Posts  / #POST-233651
REDDIT

Three Types of Copper Stocks, Three Completely Different Timelines

Hi guys!

I used to group every copper company together.

The more I dug into the sector, the less sense that made. These companies may all be tied to copper, but they're operating at completely different stages.

I've started thinking about them as points along a timeline instead of names on the same watchlist.

The first group is today's copper.

Companies like BHP and Freeport-McMoRan (FCX) are already producing metal, generating revenue, and responding directly to changes in copper prices. Their story is about operating mines efficiently and meeting demand with existing production.

The next group is future production.

Companies like CAM.V have already done meaningful exploration work. There are drill results, geological data, and defined targets. The challenge now is expanding the resource, proving the economics, and moving the project closer to development.

Then there are the earliest-stage explorers.

That's where NovaRed Mining (NRED / NREDF) fits. Its Wilmac project covers roughly 16,078 hectares in British Columbia's Quesnel Belt. The company has identified copper-in-soil anomalies, completed 970 soil samples during its 2025 pXRF program, and plans additional geophysics and target refinement before moving toward drilling.

At this stage, the value comes from improving the chances of making a discovery. There is no resource estimate, mine, or production yet, so exploration results will shape the story.

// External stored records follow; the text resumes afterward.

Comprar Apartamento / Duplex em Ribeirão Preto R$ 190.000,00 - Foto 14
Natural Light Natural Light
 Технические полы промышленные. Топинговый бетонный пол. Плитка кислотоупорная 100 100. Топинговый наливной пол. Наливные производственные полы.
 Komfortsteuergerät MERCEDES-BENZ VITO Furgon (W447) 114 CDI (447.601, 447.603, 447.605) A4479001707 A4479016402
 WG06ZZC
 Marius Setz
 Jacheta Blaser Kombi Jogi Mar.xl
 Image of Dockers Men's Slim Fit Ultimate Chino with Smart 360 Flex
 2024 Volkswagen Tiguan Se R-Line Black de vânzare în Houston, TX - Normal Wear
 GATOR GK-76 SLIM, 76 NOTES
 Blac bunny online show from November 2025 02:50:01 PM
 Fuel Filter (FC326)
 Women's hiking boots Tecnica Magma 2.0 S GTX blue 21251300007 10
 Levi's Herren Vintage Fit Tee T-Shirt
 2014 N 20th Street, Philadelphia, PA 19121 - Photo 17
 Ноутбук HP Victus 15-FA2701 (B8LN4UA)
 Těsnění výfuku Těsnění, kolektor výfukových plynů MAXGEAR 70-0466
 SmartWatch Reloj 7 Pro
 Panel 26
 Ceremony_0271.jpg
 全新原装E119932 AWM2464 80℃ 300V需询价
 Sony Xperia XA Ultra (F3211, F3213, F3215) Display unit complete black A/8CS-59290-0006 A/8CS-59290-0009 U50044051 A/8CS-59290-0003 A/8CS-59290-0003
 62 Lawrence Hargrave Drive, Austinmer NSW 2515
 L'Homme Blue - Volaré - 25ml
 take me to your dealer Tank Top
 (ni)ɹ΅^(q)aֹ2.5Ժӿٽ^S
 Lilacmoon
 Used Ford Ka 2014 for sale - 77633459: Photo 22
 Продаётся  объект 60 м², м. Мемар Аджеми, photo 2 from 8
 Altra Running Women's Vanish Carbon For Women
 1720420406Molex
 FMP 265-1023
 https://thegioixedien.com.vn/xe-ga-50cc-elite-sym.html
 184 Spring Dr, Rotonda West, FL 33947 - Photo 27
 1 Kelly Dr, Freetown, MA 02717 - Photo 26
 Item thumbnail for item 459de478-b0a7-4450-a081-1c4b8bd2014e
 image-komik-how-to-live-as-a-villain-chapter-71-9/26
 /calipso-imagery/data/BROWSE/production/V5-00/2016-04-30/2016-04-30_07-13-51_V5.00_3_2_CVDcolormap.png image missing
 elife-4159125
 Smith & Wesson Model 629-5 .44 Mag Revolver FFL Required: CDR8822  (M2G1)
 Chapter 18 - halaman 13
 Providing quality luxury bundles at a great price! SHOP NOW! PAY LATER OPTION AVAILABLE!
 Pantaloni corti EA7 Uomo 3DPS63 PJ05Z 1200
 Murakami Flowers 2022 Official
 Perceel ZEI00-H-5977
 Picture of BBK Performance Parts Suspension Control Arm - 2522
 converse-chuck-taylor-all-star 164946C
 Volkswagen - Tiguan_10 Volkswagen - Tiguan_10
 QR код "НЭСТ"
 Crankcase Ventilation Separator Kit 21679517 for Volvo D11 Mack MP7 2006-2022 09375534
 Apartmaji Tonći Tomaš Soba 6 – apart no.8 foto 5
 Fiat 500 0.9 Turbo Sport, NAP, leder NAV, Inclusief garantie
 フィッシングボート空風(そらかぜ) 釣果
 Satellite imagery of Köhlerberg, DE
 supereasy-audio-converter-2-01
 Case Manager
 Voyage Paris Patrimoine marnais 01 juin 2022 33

People often refer to all of these as "copper stocks," but they represent very different parts of the mining cycle.

BHP and FCX produce copper today.

CAM.V is working to define additional resources.

NovaRed is trying to identify where the next discovery could come from.

The metal is the same. The timelines, risks, and potential outcomes are completely different.

NFA.

When you build a copper watchlist, do you focus on current producers, companies advancing projects, or explorers looking for the next discovery?